> **Record excerpts**:
——————————

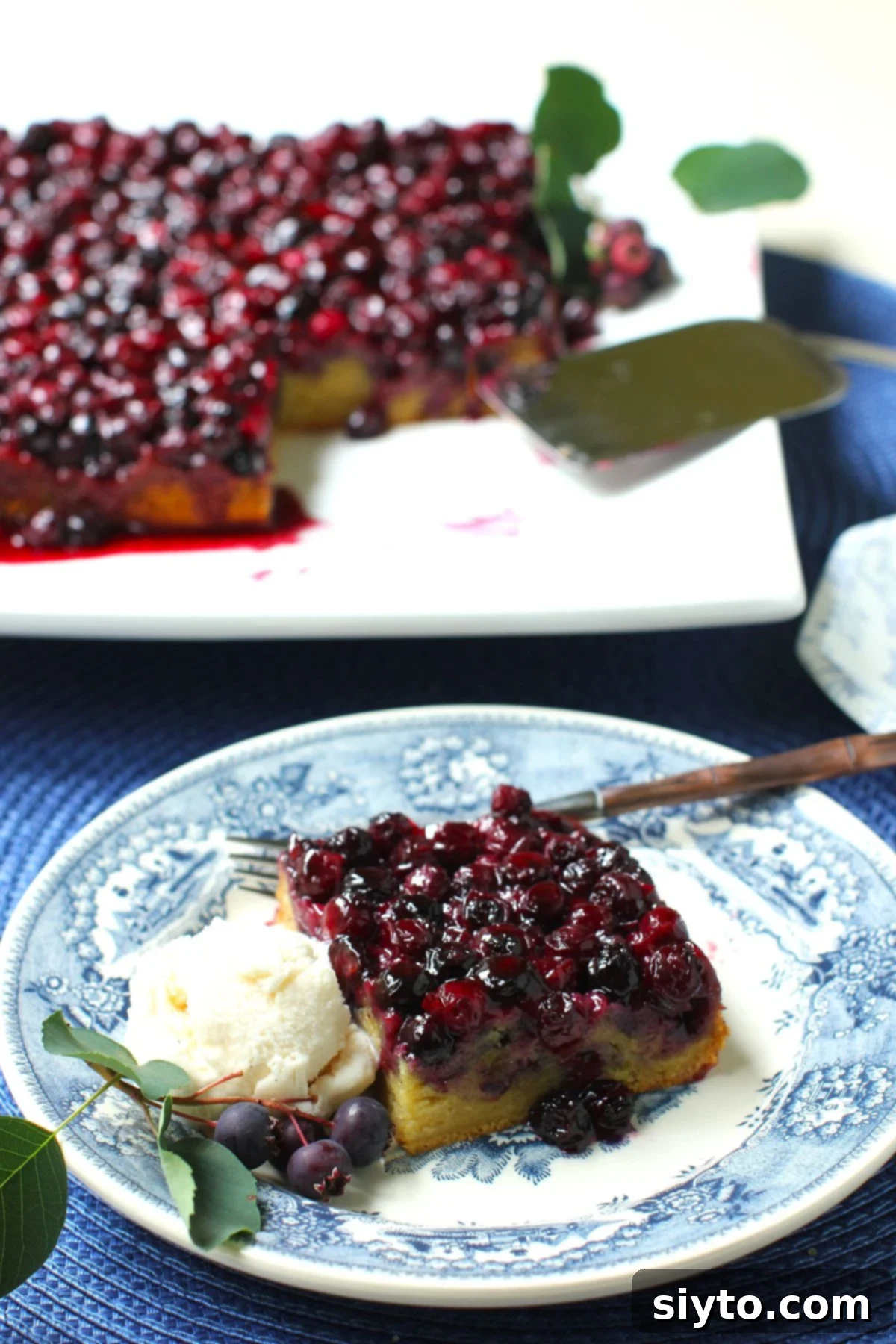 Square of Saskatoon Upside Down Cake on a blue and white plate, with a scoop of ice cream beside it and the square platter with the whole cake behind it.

——————————

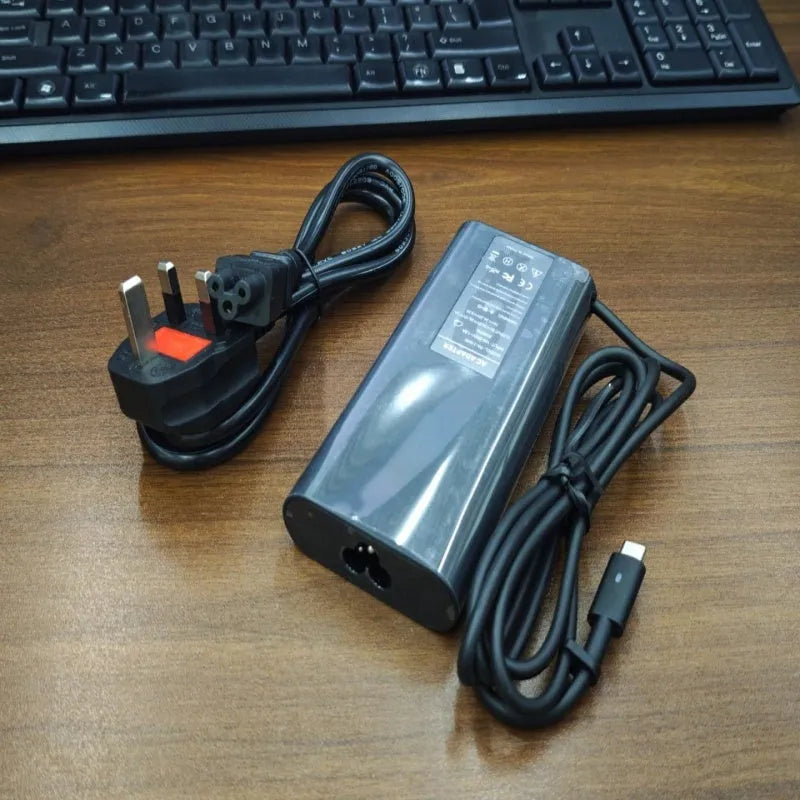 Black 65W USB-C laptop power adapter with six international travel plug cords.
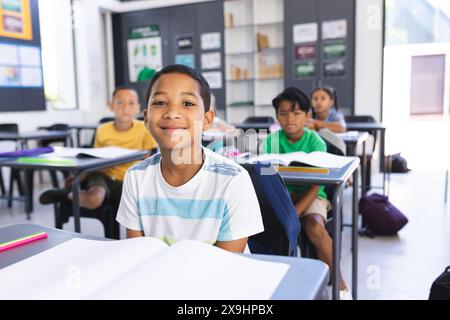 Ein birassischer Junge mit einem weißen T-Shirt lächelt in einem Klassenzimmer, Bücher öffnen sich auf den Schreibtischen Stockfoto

——————————

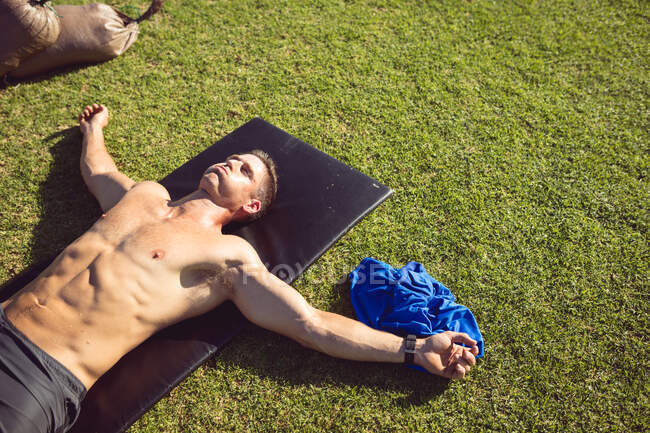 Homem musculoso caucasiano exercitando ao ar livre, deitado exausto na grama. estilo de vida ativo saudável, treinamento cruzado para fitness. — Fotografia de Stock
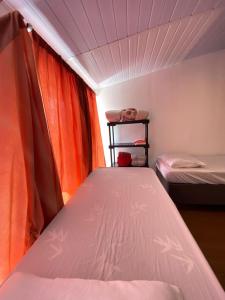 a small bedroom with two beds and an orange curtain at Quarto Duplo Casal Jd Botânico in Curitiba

——————————

> **Work to be completed**:
In the material above, the stretch from the line with "Homem musculoso caucasiano" through the line with "a small bedroom" is to be given again exactly, minus the pictures.

> **Exercise output**:
 Homem musculoso caucasiano exercitando ao ar livre, deitado exausto na grama. estilo de vida ativo saudável, treinamento cruzado para fitness. — Fotografia de Stock
 a small bedroom with two beds and an orange curtain at Quarto Duplo Casal Jd Botânico in Curitiba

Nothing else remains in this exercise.